12º- A sua pertinência tem a ver com a localização de terrenos baldios em determinadas áreas da ..., hoje submetidas ao perímetro florestal dessa Serra, cuja natureza baldia o Autor reclama.
13º- Repare-se que um dos documentos trata o levantamento dos baldios do Continente, realizado pela Junta de Colonização, órgão extinto do Ministério da Agricultura, situando 1.600 hectares de baldio na ... e ..., onde o Autor reclama essa localização, enquanto os demais são duas cartas topográficas que delimitam o perímetro florestal que, como já documentado nos autos, foi definido sobre terrenos baldios.
14º- Ou seja, trata-se de documentos oficiais emitidos por órgãos do Estado Português que o Tribunal não pode ignorar e que, ainda que fossem intempestivos, no que não se concede, obrigaria à sua junção em nome do princípio do inquisitório, pela sua pertinência à matéria que é objeto de julgamento- artº 411º do NCPC, constituindo ainda um corolário da posição desde sempre assumida pelo Autor no processo.
15º- Não vemos como considerar extemporâneos estes documentos, face ao momento em que chegaram à posse do Autor, nem podem ser considerados impertinentes nem desnecessários sem que, previamente, se proceda à sua análise, ainda que sumária.

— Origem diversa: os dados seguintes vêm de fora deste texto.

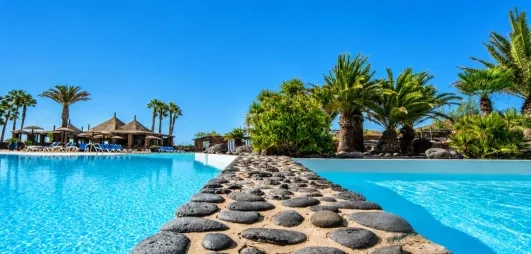 Un gros plan sur une séparation en pierre entre deux sections de la piscine, offrant une vue vers les jardins.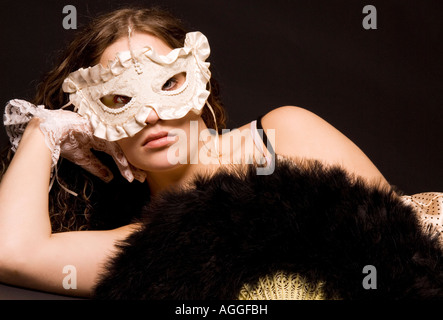 Beautiful Young Woman (18-25) wearing White Mask Stock Photo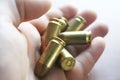 45 Auto Bullets In Hand Close Up High Quality Royalty Free Stock Photo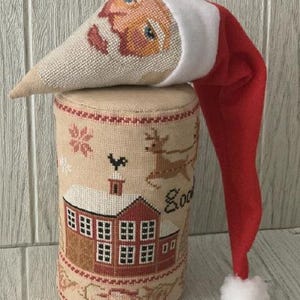 May include: A Christmas-themed decorative item featuring a Santa Claus hat and a cylindrical base. The base is adorned with cross-stitch images of a house, reindeer, and snowflakes. The Santa hat is red with a white trim and a fluffy white pom-pom.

16º- Os documentos em apreço finalizam a linha processual já estabelecida nos autos, mormente como resulta da documentação oficial já recebida nos autos por despachos transitados, sendo que, como se expôs, os mesmos devem ser considerados tempestivos ou, no limite, admitidos ao abrigo do princípio do inquisitório.

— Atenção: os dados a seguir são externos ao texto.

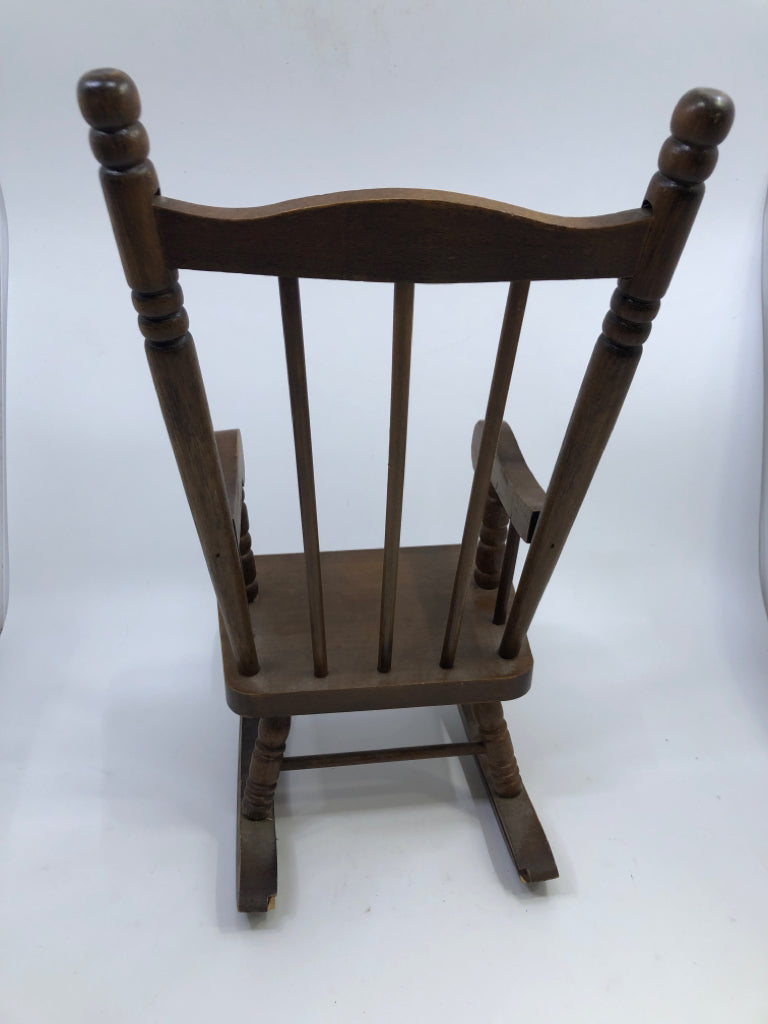 DOLL DARK WOOD ROCKING CHAIR.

17º- Ao rejeita-los, sem mais, a Srª Juiz arrisca decisão contrária ao que já se encontra regulamentado em documentos oficiais emitidos por órgãos do Estado Português. E tal não lhe deve ser indiferente.

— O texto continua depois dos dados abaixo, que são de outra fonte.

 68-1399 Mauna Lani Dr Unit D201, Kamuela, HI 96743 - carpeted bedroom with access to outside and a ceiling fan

18º- A nova redação do nº 2 do artº 423º do NCPC (anterior artº 523º CPC), que impõe como limite para a junção de documentos o prazo de 20 antes da audiência final, visa obstar a surpresas no julgamento, decorrentes da junção inesperada de um qualquer documento, com consequências negativas traduzidas, nomeadamente, no arrastamento das audiências.
19º- Mas, na interpretação da lei processual, o julgador deve ter sempre em conta a unidade e coerência do sistema jurídico – artº 9º nº 1 do C. Civil, sopesando os princípios em presença, não esquecendo o princípio da verdade material, estruturante de todo o processo civil, revelando-se juridicamente insustentável, no contexto processual referido e no demais que resulta dos autos, a simples rejeição da prova documental indicada pelo Autor.
20º- Por outro lado, impõe-se notar que o preceito citado- artº 423º NCPC- não se destina a tutelar apenas as expectativas de uma parte, no caso os Réus, antes foi abstratamente pensado para a tutela de todas as partes, onde se inclui, é preciso dizê-lo, o Autor.
21º- Não sendo estes documentos impertinentes aos autos, a sua não admissão viola o disposto no artº 4º do NCPC, pois, como já antes se referiu, também o Autor merece a mesma tutela em caso de junção tardia, sendo que por despacho proferido na data de 29.06.2022, foi admitido um documento tardio, apresentado em julgamento por uma testemunha do Réu Município, designadamente a cópia de um contrato de arrendamento que, a ser verdadeiro, há muito se encontrava na posse do Réu Município.
22º- Ter sido requerida a junção pelas co-rés por dele ter tomado conhecimento em audiência no circunstancialismo que se conhece, é irrelevante pois que igualmente o Autor apenas em audiência tomou conhecimento dos documentos cuja junção requereu pelo que, desta forma, se mostra violado o disposto no artº 4º do NCPC.
23º- Este contrato de arrendamento pertencente ao Réu Município foi apresentado pela mão da testemunha AA, substituída em audiência, mas já a testemunha BB, igualmente apresentada pelo Réu Município, no seu depoimento aparece com uma escritura em mão, cuja junção foi requerida e cuja relevância probatória foi apreciada pela Mmª Juiz.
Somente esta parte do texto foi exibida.